Tameka* was a high school student who was enrolled in one of those special programs for delinquent students. She’d arrive at noon and leave by three and would be on campus with no books and no backpack. Tameka had only a pencil in one hand and three sheets of folded paper in the other. All of it — school and these instruments — was a weighty load for her to carry.
I was an eleventh-grader with a different kind of load. I carried my life in my backpack — 25 extra pounds of textbooks, notepads, pencils, tampons, snacks, and my stories — all on my shoulders, already weighing on me. And on Fridays and after school, we’d lose those burdens and dance in the outdoor lunch area together. Always hip-hop, always jumping and swirling, rolling and pop-locking, our scrunchied ponytails swinging in brush strokes, painting musical notes in the air.
So I was surprised to see Tameka one Tuesday morning at 7 a.m. I had arrived early for basketball practice and found her walking through our dance space, carrying a large tree branch. “Hey, Meka,” I said.

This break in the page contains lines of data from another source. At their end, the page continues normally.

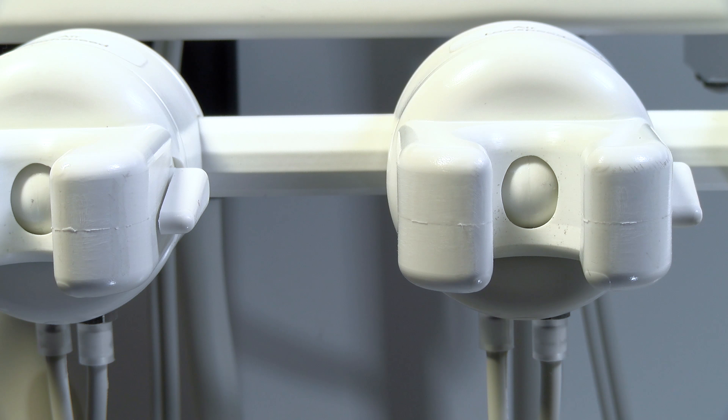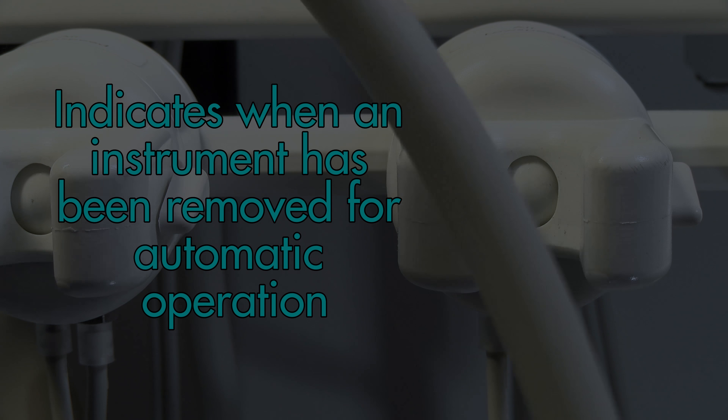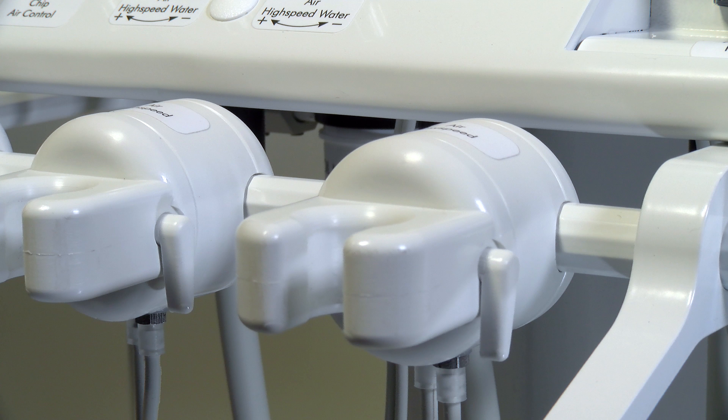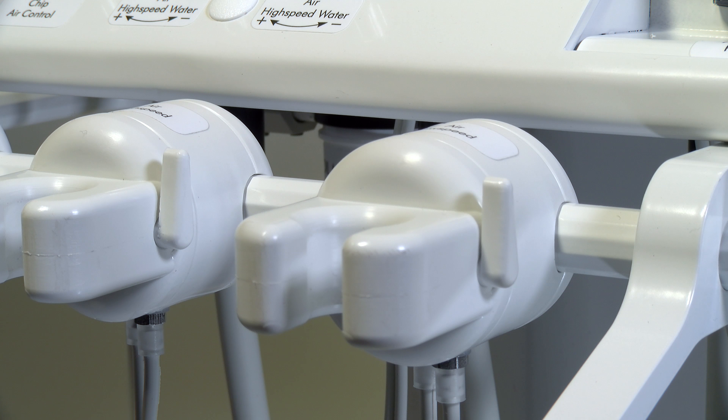The ball design in the base of the holder exactly indicates when an instrument has been removed for automatic operation. A side lockout lever enables the holder to be locked out to allow assistance to change burs or tips while another instrument can be in use.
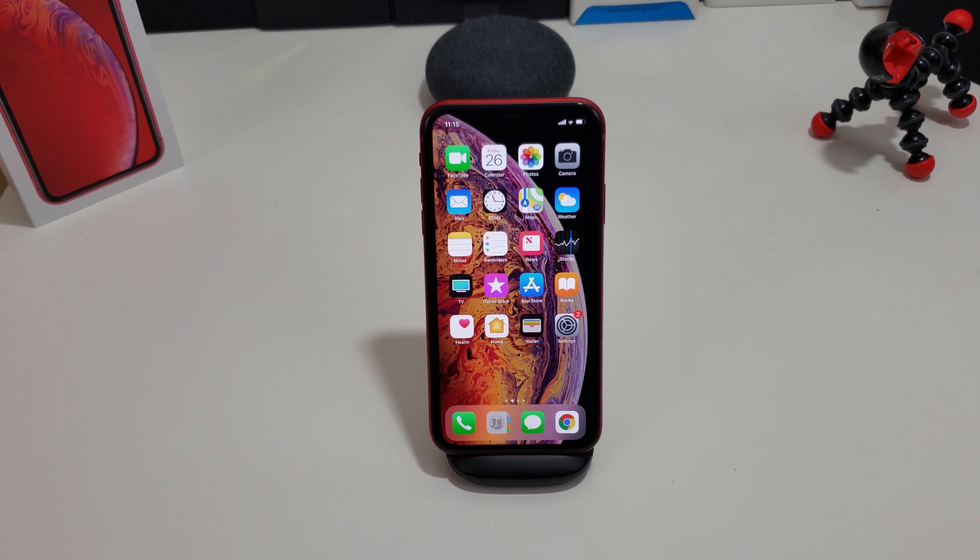Hi everyone, this is Joseph from Forrest Tech Reviews, aka your favorite Cajun Tech reviewer, back with another video. Today's video is a quick tip — if you decide to pick up your iPhone XR, I'm gonna show you how to take a screenshot on it. Maybe you're coming from an older device and just don't know how to do it. This video will teach you two separate ways of doing it, and they're both pretty easy.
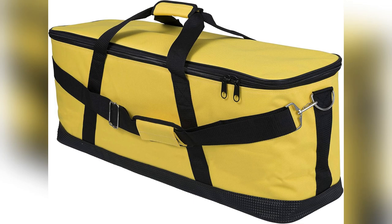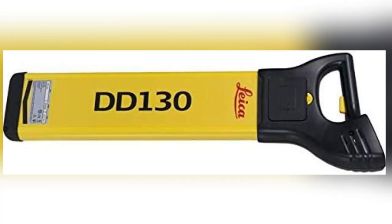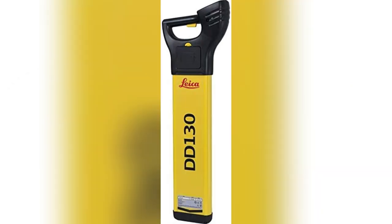Ever struggled with finding buried treasures? Meet my favorite gadget, the Leica DD-130 underground utility and cable locator. This complete kit rocks — it comes with everything you need, transforming hassle into handy like never before.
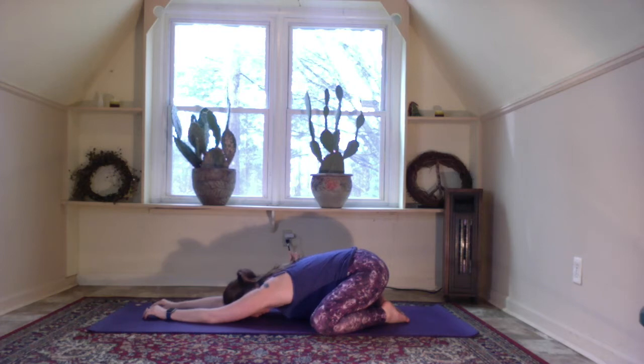Feel yourself grounding, coming into this moment and into this practice.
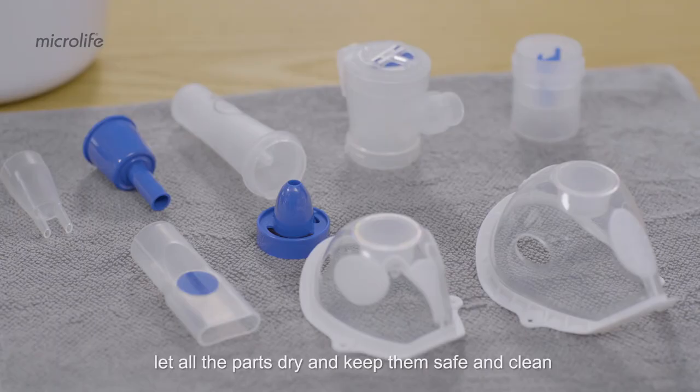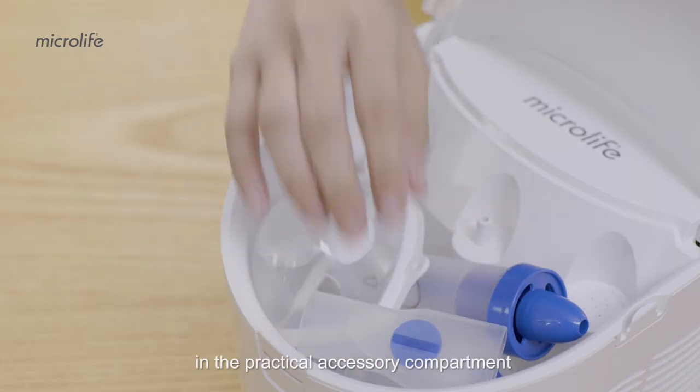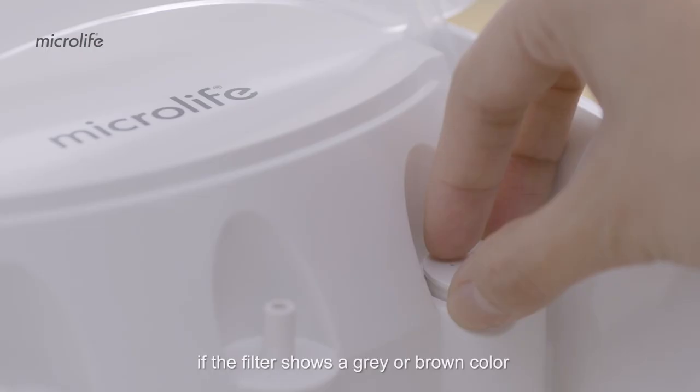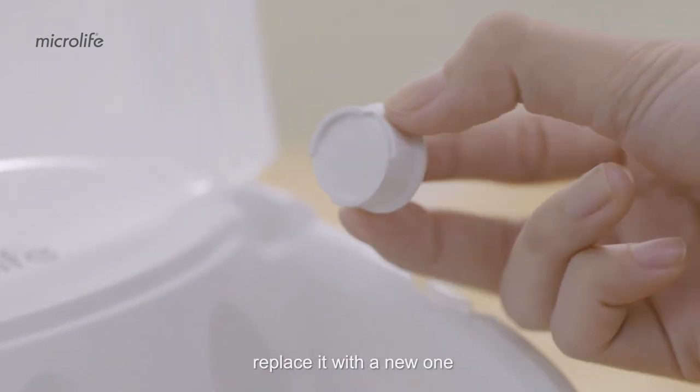Let all the parts dry and keep them safe and clean in the practical accessory compartment so they will be handy for the next treatment. If the filter shows a gray or brown color or is wet, replace it with a new one.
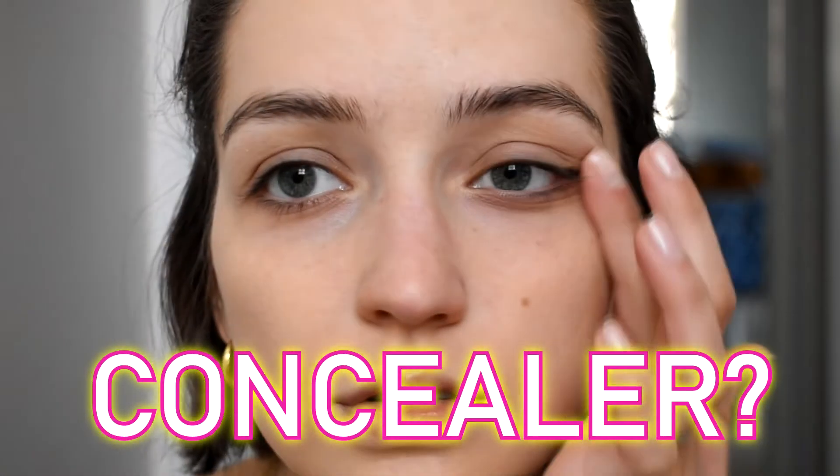A few days later I tested it out again using my hands to apply, because that is the way Maybelline suggests applying it, and I really like applying it with my fingers. I feel like fingers or sponge is the way to go. Maybelline doesn't recommend building it up, but I wanted to try to see how much coverage you can get. I don't think it looks bad when you build it up; I just don't think you're going to get medium coverage.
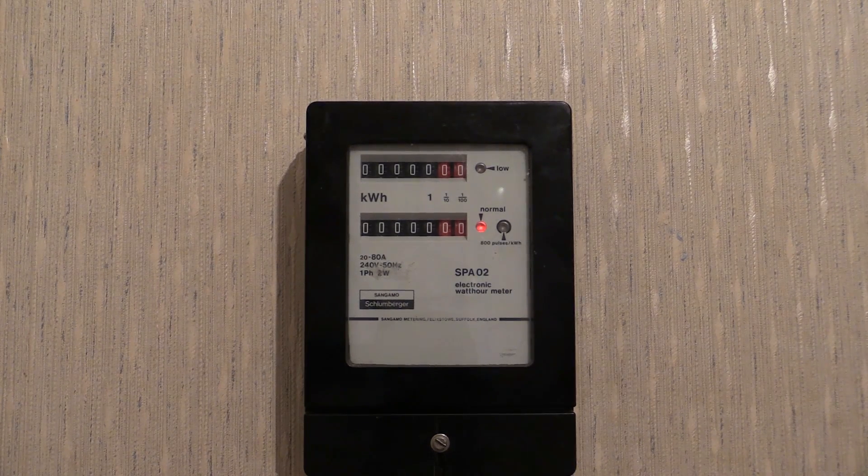Attempted meter reversal. First off, forward current. The red light is pulsing on and off to indicate forward current.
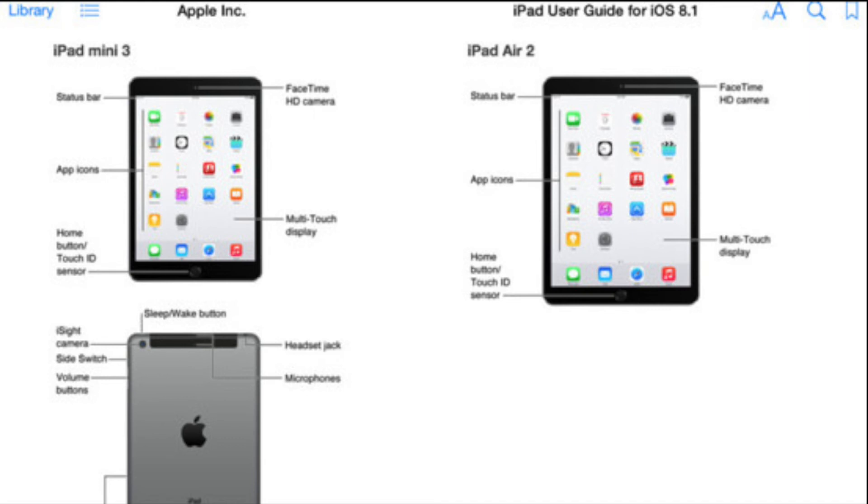We don't know if it's going to have the A8 chip or the A8X chip because we can't see any of those specs on this sheet right now. The only thing we know is they're going to be called the iPad Air 2 and the iPad Mini 3, and they are going to have Touch ID on board.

She seemed extraordinarily happy to see me, hugs and smiles, a departure from the serious expressions we’d make during our dance-offs, when we’d talk to each other saying, “Gurl, this …” and “Gurl, that …” We were from the suburbs and learned how to speak that way from watching the movie New Jack City, the same way the white kids had.
Tameka told me she was looking for Darnell. Saying his name made her suddenly angry. That’s when I noticed her gold hoop earrings were already taken off and her braids were pulled back into her dance-off ponytail. She said, “Grab a stick and come with us.”
When she said us, Heather and Kristy came from another part of the lunch area and joined us there — Heather, a redhead, and Kristy, a blonde. They had already picked out their own large sticks.
“What are y’all doing?” I said.
“We’re gonna beat his ass,” Tameka said. “Then we’re going to beat Mr. L’s* ass.”
“Coach?” I said. Darnell was often getting expelled and suspended, fighting and bullying people, but Mr. L was the track coach and people liked him — students and faculty. He was one of the most popular and dedicated teachers at the high school. He’d take students home from school when their parents no-showed or were coming too late from work. None of us ever had to sit alone in the dark waiting to be picked up.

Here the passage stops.